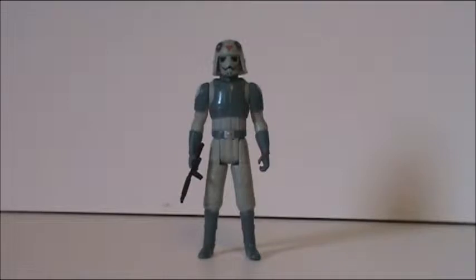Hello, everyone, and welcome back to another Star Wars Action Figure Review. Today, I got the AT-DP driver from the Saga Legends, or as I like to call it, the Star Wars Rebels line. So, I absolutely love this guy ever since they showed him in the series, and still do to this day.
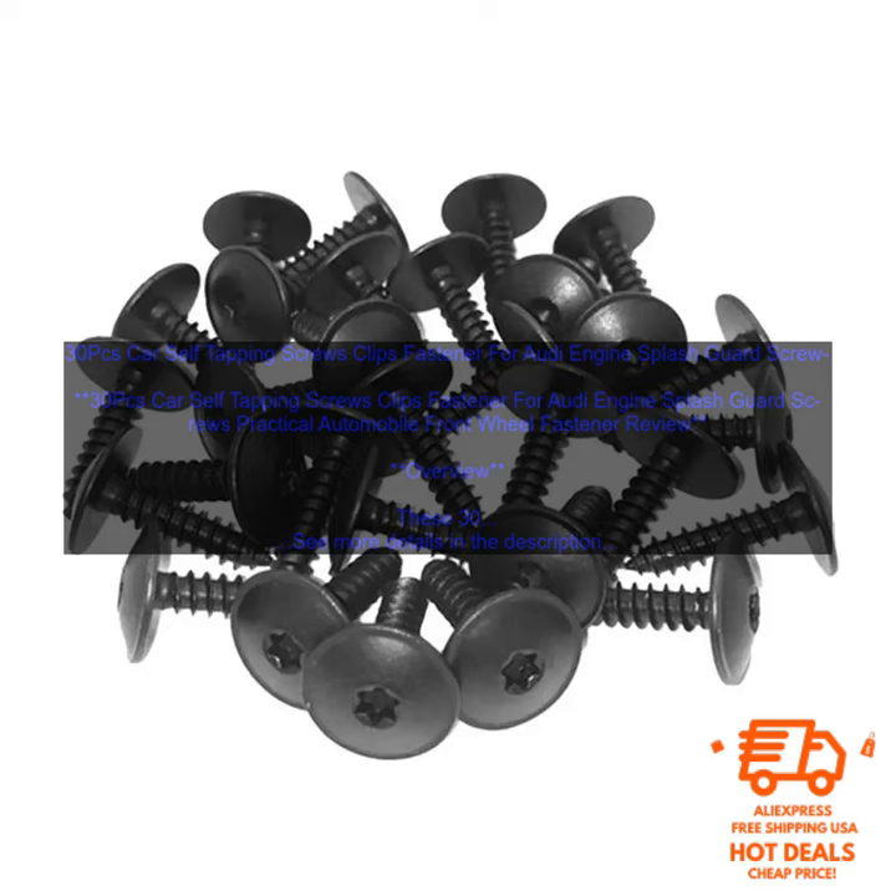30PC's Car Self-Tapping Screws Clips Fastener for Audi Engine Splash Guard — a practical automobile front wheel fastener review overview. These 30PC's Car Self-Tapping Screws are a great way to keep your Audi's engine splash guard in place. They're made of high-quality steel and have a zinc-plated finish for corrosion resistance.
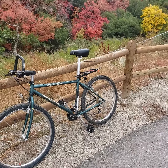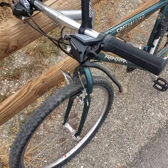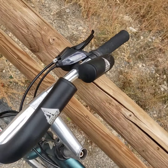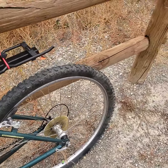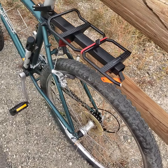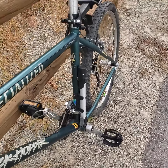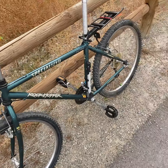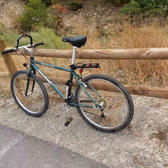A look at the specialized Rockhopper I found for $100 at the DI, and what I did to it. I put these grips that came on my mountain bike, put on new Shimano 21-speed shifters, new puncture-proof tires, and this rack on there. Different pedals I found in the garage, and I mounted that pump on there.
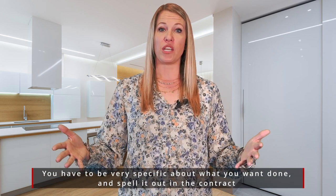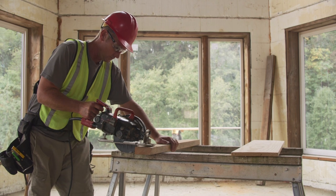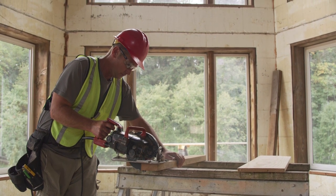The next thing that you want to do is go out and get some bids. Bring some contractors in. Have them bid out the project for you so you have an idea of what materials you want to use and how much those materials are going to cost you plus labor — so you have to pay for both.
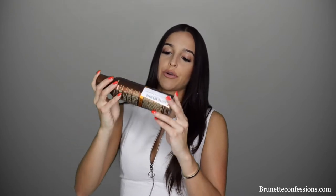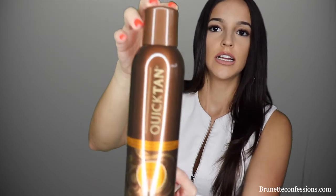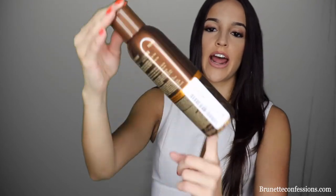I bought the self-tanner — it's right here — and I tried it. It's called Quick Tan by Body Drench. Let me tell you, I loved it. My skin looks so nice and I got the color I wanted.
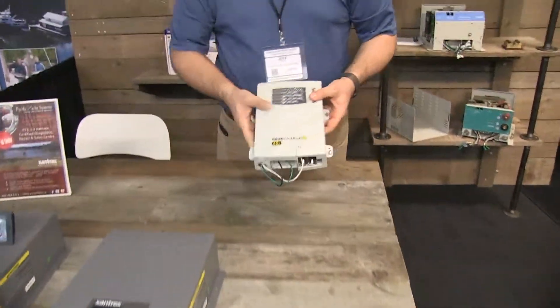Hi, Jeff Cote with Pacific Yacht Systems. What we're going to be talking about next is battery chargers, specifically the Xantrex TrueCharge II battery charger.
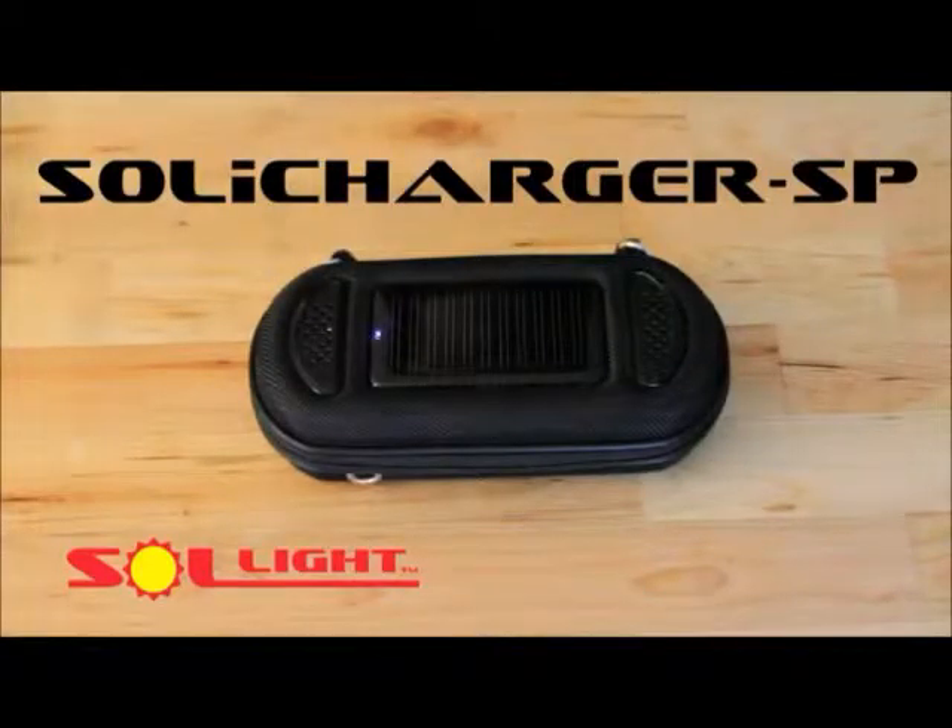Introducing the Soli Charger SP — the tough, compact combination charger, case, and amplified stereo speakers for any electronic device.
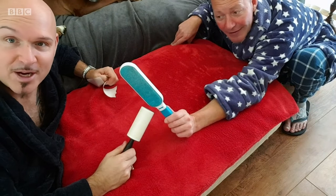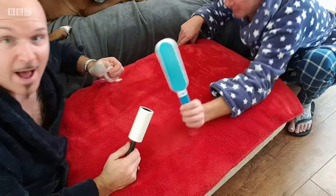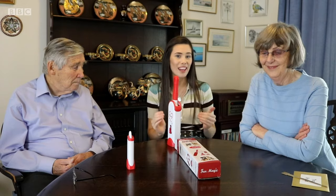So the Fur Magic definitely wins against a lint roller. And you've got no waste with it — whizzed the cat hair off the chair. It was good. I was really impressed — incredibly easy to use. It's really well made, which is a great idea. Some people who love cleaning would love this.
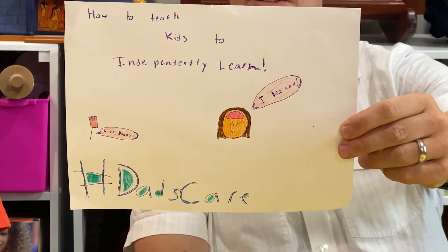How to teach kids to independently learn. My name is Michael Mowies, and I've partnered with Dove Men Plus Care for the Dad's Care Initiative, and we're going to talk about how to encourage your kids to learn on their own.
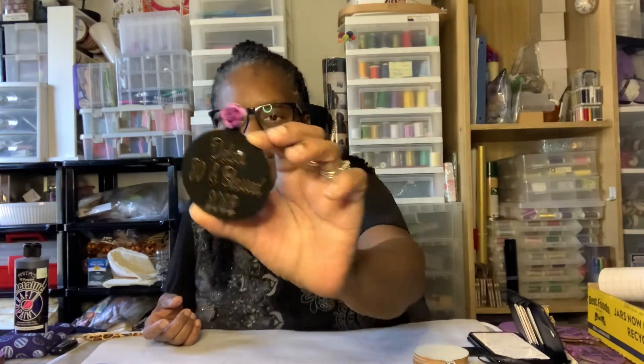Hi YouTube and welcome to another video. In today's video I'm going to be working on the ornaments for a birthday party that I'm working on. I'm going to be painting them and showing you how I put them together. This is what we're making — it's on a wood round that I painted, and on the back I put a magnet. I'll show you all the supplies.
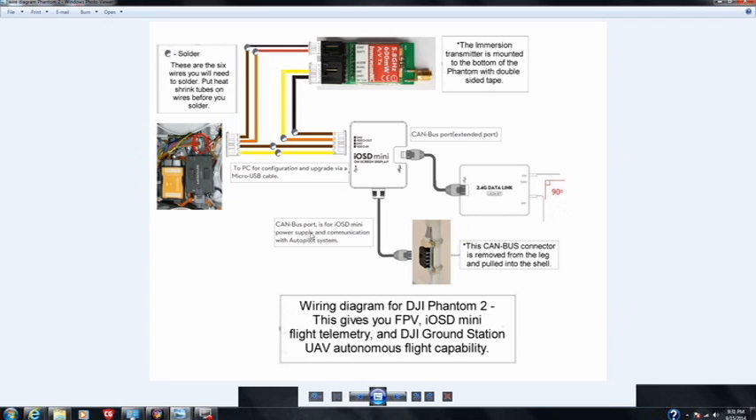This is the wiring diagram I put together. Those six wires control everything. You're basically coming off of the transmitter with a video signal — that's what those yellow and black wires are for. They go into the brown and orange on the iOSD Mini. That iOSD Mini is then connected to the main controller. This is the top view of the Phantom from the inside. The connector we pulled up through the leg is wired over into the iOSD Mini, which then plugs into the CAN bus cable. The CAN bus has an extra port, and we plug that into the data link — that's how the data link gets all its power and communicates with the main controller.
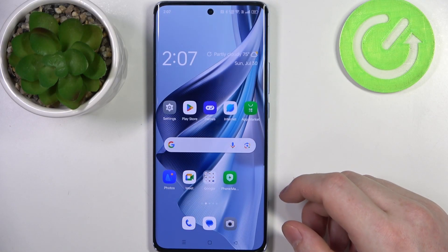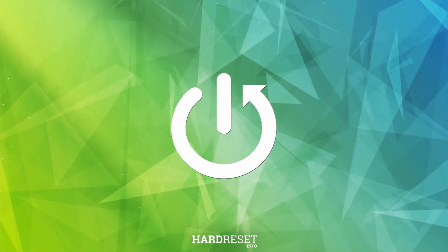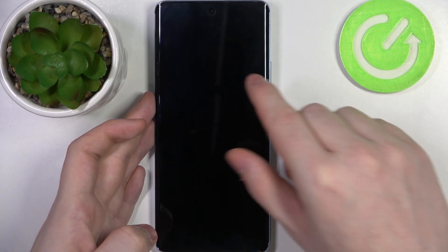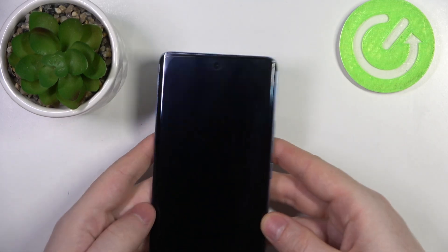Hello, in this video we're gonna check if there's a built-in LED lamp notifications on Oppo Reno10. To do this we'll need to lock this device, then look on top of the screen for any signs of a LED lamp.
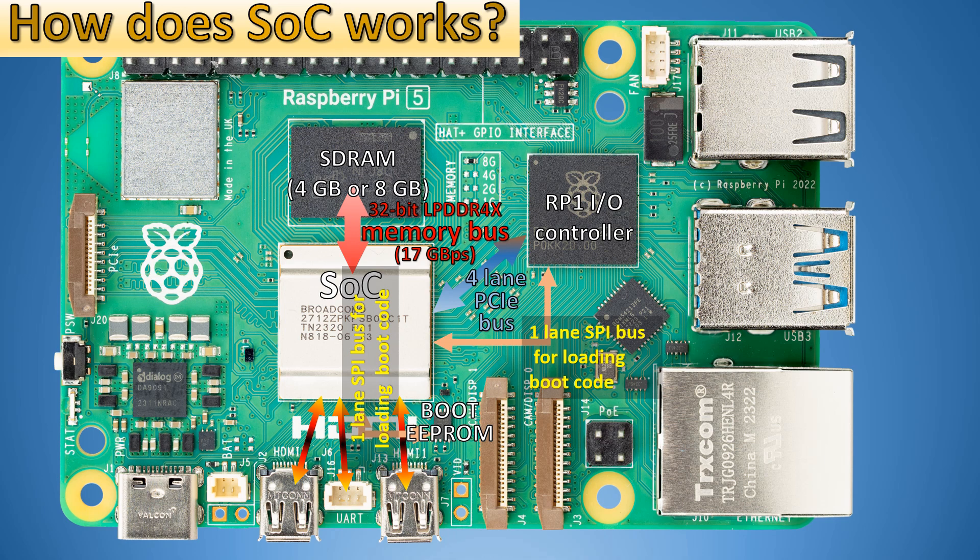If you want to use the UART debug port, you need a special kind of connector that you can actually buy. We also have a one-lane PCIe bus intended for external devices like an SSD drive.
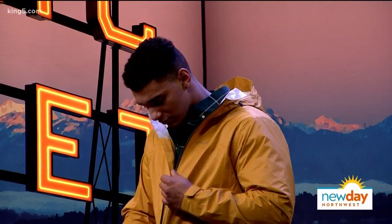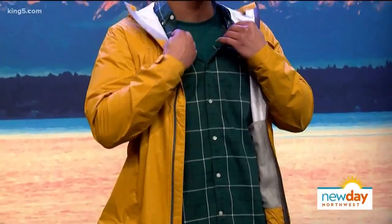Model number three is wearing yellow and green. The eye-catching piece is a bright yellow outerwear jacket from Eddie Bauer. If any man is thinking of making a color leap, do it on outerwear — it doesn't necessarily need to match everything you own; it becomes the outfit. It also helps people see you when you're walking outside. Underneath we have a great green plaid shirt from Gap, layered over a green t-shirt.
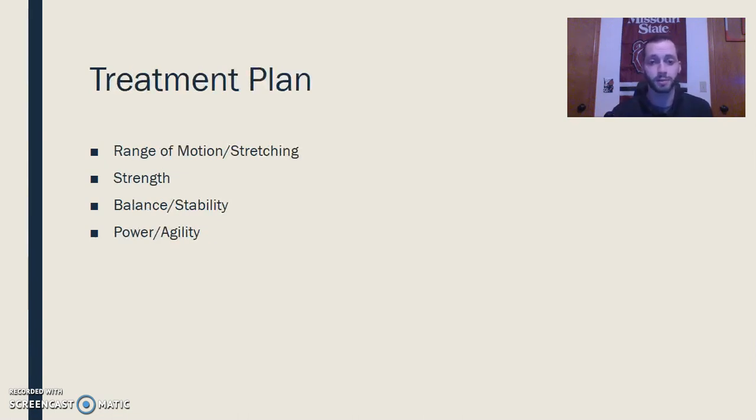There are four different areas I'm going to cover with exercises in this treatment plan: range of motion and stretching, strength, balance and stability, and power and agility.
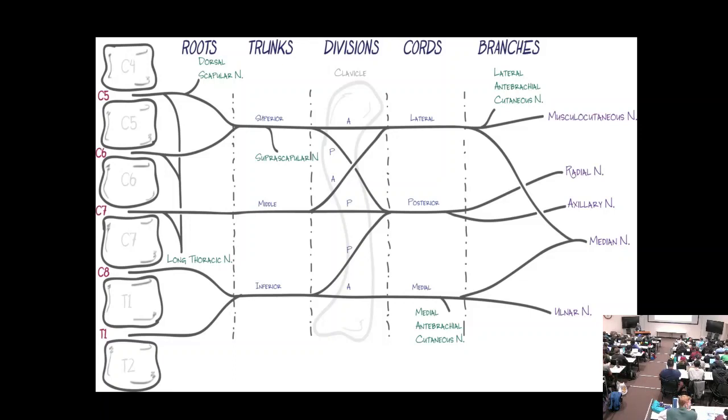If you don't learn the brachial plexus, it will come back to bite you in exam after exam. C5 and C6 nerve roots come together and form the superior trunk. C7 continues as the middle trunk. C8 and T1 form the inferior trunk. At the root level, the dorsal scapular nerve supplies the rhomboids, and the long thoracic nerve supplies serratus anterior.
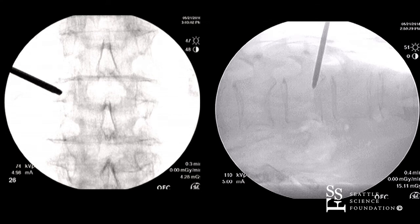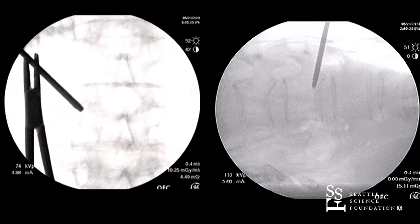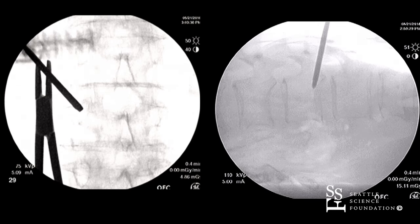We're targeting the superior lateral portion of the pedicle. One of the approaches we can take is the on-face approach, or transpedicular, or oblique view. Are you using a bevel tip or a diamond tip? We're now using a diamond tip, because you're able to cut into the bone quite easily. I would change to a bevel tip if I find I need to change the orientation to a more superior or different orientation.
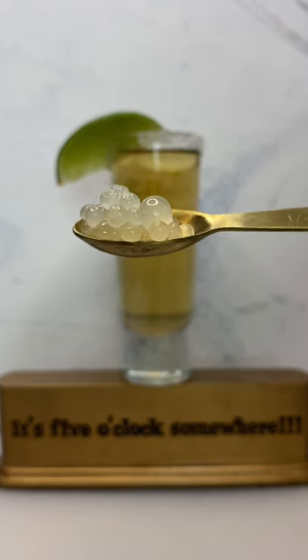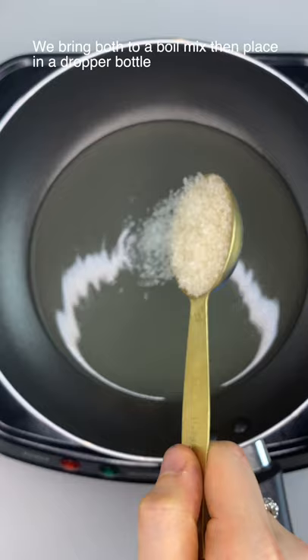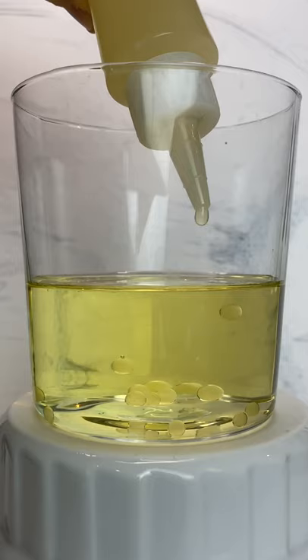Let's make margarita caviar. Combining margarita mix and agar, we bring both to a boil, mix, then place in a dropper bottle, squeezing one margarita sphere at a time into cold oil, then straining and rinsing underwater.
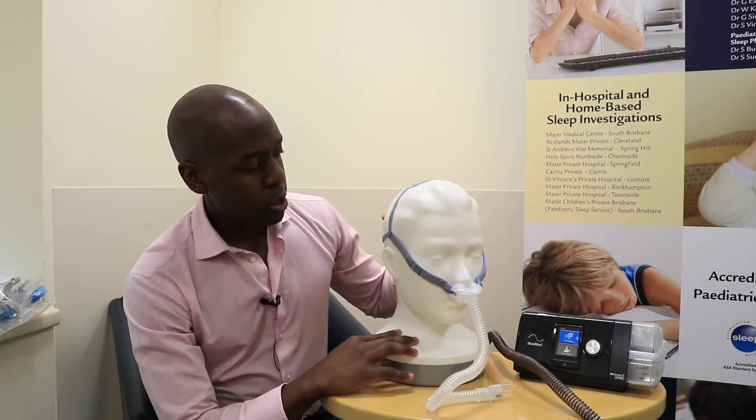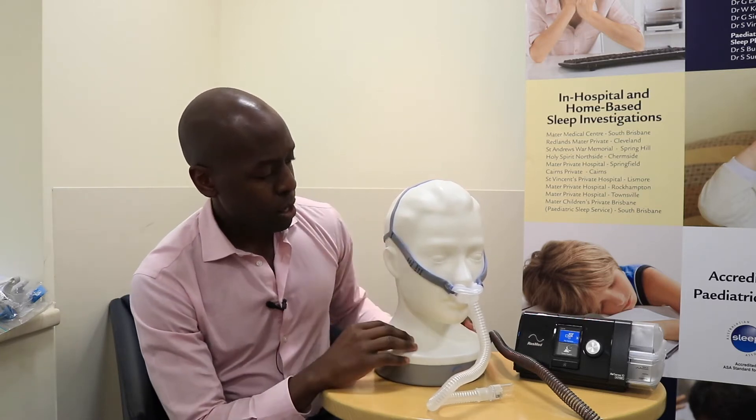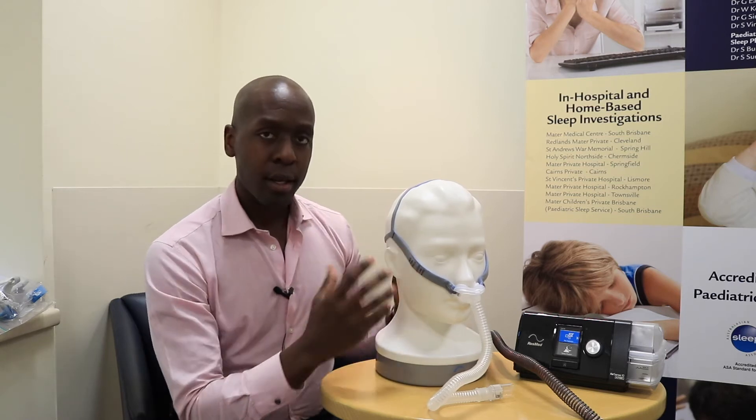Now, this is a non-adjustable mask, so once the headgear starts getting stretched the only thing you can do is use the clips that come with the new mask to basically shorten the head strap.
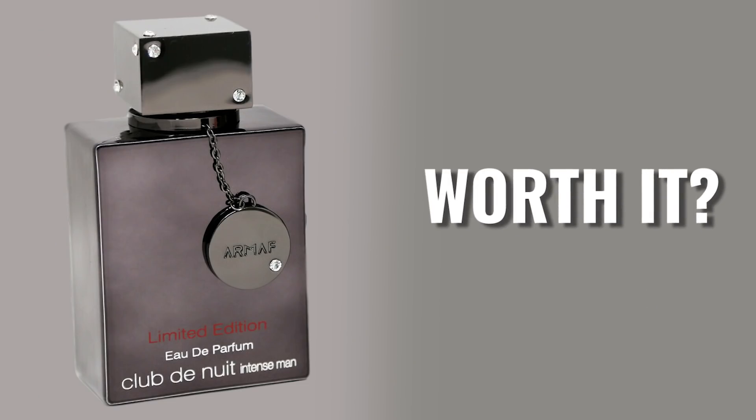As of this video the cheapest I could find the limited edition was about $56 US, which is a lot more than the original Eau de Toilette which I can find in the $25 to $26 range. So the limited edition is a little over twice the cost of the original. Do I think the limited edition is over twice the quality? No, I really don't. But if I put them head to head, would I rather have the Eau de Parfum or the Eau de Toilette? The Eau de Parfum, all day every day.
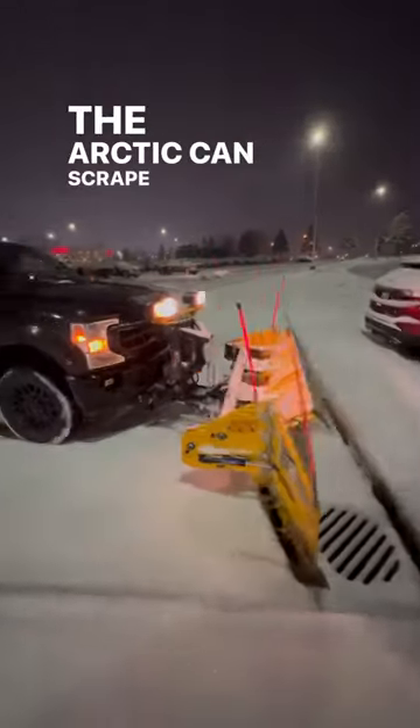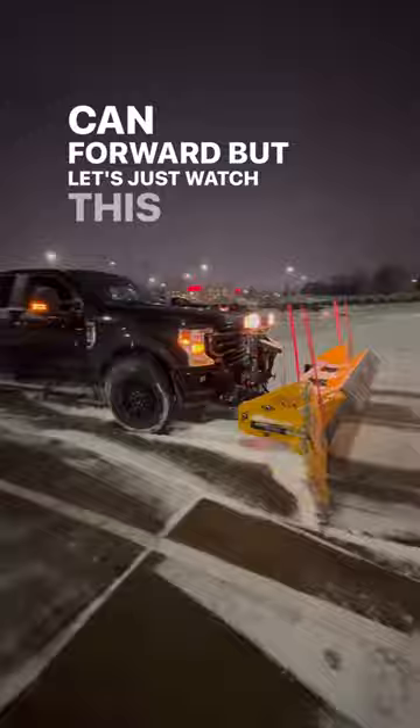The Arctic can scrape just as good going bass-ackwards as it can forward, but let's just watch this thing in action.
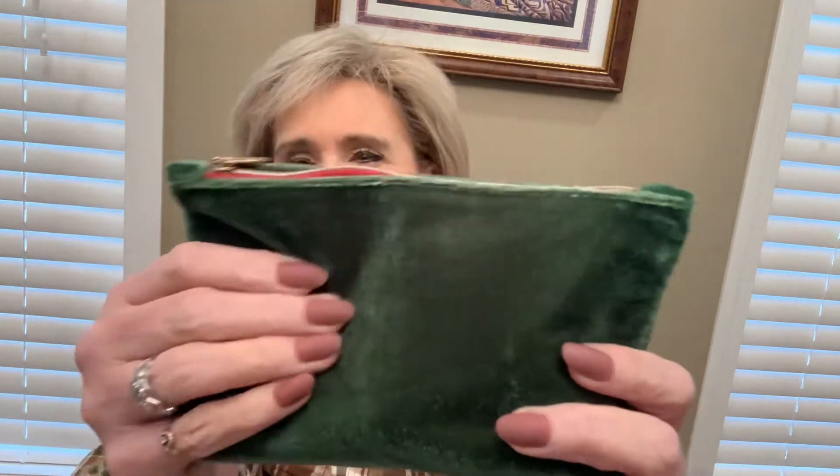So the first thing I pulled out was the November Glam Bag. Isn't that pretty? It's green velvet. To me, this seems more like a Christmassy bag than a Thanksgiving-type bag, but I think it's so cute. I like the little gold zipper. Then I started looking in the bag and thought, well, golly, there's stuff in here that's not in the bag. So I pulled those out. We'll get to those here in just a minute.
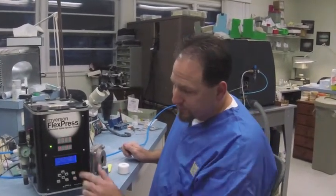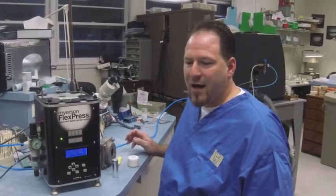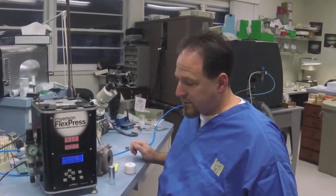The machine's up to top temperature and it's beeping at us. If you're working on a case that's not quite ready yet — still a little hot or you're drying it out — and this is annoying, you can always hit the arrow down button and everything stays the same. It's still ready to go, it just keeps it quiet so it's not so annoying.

◇ ◇ ◇

Return, exactly as they stand, the lines above from the one with "How to teach" to the one with "Hi YouTube and", omitting any pictures among them.

How to teach kids to independently learn. My name is Michael Mowies, and I've partnered with Dove Men Plus Care for the Dad's Care Initiative, and we're going to talk about how to encourage your kids to learn on their own.
Hi YouTube and welcome to another video. In today's video I'm going to be working on the ornaments for a birthday party that I'm working on. I'm going to be painting them and showing you how I put them together. This is what we're making — it's on a wood round that I painted, and on the back I put a magnet. I'll show you all the supplies.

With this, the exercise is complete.